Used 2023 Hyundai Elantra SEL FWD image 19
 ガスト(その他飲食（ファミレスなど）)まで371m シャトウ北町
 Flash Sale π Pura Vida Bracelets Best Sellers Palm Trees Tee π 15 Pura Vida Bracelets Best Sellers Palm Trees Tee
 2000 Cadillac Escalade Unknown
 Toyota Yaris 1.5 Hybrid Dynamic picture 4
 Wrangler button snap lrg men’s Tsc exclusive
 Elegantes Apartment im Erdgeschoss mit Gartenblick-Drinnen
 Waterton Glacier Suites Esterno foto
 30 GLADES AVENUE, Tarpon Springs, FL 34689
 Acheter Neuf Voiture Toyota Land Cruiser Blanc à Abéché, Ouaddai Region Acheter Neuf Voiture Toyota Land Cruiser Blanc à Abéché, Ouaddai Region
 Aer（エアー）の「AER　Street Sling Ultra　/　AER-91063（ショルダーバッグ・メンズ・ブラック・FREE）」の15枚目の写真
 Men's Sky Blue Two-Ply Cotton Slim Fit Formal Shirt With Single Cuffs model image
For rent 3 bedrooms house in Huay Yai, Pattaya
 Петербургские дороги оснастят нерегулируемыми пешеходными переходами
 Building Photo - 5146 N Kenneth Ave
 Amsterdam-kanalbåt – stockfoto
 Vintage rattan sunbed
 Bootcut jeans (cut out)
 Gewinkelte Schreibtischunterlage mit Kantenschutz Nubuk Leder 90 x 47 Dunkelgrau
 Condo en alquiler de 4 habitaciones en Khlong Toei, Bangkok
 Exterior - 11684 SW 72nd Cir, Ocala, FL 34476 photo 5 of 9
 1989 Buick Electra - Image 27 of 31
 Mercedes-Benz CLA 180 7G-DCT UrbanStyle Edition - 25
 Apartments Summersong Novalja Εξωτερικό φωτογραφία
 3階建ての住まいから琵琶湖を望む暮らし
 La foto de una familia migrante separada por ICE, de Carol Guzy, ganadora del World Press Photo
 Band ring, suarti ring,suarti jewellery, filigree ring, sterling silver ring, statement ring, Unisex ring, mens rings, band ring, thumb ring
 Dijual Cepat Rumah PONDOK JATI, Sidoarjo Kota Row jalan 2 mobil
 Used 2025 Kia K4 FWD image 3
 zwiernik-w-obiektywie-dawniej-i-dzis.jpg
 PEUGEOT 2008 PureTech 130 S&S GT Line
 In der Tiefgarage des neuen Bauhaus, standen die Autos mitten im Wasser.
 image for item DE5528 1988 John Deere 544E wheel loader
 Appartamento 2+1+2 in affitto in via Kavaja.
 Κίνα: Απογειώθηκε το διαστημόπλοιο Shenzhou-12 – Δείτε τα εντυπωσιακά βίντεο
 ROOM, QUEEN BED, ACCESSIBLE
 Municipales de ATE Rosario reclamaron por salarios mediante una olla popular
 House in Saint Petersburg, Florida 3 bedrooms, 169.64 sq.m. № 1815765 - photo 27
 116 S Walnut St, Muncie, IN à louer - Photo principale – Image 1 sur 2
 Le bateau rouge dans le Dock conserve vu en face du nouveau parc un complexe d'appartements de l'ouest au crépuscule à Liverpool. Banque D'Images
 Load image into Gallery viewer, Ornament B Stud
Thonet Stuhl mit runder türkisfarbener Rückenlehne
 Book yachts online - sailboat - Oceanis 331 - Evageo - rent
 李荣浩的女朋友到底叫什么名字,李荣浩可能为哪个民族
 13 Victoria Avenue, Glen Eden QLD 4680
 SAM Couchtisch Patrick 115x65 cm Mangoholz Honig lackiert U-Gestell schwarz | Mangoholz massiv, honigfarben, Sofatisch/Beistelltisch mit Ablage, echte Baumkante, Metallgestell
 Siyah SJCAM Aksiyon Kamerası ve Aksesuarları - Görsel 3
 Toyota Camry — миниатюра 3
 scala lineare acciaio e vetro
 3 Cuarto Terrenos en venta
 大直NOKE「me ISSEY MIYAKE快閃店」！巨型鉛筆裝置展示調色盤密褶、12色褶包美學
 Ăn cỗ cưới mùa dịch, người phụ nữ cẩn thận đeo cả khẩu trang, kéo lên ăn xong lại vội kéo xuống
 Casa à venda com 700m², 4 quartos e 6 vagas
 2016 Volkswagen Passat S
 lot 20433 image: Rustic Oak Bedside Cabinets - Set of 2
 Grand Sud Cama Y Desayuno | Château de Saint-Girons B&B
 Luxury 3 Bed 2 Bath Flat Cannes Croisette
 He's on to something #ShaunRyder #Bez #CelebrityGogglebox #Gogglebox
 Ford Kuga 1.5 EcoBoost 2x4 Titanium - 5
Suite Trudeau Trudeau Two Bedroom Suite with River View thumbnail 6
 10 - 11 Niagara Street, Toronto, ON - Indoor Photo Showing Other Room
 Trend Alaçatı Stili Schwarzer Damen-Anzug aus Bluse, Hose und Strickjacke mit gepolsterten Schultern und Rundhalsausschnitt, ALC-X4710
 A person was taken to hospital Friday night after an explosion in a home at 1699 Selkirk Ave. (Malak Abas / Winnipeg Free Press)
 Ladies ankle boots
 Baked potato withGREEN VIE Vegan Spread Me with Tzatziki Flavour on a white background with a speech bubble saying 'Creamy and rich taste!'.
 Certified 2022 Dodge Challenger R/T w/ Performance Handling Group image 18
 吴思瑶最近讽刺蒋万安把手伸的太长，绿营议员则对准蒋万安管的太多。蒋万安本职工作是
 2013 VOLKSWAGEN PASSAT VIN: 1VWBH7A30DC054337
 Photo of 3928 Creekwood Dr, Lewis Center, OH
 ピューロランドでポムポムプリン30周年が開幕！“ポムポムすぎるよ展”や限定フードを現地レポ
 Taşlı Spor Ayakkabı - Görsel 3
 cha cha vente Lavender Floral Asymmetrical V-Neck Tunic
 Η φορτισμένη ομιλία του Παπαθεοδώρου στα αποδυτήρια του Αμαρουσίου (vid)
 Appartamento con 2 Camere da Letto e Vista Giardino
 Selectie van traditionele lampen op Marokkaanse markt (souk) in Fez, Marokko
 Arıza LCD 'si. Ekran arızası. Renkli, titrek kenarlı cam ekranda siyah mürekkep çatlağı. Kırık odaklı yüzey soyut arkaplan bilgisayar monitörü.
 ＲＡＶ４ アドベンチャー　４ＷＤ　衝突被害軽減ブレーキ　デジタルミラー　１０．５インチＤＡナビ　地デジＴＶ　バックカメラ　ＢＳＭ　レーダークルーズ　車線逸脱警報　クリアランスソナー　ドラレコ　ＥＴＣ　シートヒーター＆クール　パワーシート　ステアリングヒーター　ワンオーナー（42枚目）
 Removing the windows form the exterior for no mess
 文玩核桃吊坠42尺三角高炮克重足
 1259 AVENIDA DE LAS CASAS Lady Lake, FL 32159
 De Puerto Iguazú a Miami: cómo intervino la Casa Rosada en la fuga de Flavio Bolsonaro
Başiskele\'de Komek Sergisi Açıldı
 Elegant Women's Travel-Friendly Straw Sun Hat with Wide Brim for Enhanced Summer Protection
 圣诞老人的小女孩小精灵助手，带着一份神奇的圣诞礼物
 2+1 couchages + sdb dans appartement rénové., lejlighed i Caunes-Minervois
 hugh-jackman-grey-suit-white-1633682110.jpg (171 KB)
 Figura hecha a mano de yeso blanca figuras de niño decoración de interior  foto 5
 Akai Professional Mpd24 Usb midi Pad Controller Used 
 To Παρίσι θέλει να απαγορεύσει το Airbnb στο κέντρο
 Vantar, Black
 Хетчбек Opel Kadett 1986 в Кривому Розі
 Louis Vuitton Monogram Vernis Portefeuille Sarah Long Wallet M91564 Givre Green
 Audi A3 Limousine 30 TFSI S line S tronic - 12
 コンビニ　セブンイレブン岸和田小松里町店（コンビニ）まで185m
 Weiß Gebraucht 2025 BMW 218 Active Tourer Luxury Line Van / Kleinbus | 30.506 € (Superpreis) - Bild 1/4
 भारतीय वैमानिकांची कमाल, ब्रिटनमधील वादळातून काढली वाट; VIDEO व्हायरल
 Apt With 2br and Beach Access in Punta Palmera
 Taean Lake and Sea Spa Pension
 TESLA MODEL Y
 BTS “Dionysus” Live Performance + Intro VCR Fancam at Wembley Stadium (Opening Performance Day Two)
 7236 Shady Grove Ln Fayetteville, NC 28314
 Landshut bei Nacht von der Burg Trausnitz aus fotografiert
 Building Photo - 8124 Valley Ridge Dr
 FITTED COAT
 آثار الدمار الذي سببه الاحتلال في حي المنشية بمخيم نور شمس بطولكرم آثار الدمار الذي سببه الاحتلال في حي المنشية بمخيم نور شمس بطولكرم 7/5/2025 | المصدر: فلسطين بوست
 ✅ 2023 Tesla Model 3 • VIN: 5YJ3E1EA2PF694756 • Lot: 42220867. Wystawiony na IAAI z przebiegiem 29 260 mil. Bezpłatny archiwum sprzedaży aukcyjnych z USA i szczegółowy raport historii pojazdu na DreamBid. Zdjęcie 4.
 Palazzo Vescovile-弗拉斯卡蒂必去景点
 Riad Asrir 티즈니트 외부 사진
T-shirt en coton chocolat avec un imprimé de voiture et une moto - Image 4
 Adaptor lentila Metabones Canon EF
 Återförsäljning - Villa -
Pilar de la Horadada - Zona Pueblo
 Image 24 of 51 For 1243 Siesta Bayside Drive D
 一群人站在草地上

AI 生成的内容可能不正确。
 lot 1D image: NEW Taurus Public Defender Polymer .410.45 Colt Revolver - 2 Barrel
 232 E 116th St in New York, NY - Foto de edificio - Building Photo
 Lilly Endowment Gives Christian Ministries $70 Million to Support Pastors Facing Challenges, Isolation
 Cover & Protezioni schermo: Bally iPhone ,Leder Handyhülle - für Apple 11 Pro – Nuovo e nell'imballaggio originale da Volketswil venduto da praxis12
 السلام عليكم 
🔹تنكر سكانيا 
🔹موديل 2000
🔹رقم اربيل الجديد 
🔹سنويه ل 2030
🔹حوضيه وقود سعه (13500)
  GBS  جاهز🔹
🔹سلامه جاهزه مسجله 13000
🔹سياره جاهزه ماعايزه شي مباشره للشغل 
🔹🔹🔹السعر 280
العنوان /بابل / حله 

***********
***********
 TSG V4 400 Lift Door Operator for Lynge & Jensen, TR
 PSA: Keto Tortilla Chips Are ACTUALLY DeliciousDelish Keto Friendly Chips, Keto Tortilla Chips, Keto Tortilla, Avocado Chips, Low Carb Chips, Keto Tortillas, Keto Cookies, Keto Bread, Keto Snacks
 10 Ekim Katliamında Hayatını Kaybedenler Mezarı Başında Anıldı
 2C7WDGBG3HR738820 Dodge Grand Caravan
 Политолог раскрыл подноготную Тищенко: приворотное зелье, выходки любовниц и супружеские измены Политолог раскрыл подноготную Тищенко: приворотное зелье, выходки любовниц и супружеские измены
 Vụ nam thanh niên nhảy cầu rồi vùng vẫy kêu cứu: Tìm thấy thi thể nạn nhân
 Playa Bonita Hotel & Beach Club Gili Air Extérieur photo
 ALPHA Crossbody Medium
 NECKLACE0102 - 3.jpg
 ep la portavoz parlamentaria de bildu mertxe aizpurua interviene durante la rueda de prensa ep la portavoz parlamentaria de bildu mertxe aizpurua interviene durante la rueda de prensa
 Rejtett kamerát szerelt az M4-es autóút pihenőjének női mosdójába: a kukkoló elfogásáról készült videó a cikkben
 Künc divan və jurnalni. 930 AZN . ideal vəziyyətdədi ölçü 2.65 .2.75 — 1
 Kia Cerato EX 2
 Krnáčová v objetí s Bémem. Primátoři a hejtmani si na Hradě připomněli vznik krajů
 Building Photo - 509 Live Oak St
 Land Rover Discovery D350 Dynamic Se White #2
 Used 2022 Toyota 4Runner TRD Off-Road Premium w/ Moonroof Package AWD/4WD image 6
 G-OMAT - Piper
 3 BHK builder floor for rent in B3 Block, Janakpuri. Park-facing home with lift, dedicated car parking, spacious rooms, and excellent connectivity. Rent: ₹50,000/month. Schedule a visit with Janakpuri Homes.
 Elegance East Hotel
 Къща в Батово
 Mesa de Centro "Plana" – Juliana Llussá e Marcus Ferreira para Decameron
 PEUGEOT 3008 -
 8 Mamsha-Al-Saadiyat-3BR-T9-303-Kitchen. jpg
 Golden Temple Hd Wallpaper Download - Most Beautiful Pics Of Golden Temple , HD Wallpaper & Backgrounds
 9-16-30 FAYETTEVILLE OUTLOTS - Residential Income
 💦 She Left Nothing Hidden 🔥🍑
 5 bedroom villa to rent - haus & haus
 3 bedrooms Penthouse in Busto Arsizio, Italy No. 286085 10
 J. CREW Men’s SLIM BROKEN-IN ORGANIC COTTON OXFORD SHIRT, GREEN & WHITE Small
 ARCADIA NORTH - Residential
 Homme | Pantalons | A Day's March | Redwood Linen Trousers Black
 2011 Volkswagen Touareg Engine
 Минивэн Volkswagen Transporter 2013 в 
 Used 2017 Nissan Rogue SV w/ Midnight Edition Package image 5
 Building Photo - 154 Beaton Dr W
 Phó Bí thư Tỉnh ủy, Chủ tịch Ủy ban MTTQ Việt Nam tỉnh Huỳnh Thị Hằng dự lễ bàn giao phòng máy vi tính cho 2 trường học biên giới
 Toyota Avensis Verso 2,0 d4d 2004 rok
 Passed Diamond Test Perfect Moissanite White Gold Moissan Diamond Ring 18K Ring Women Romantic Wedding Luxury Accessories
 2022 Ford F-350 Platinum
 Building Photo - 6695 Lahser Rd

= = = = = = =

▶ **What is needed**:
Extract every line of the records above that contains the word "Leder".

▶ **Response to this task**:
 Gewinkelte Schreibtischunterlage mit Kantenschutz Nubuk Leder 90 x 47 Dunkelgrau
 Cover & Protezioni schermo: Bally iPhone ,Leder Handyhülle - für Apple 11 Pro – Nuovo e nell'imballaggio originale da Volketswil venduto da praxis12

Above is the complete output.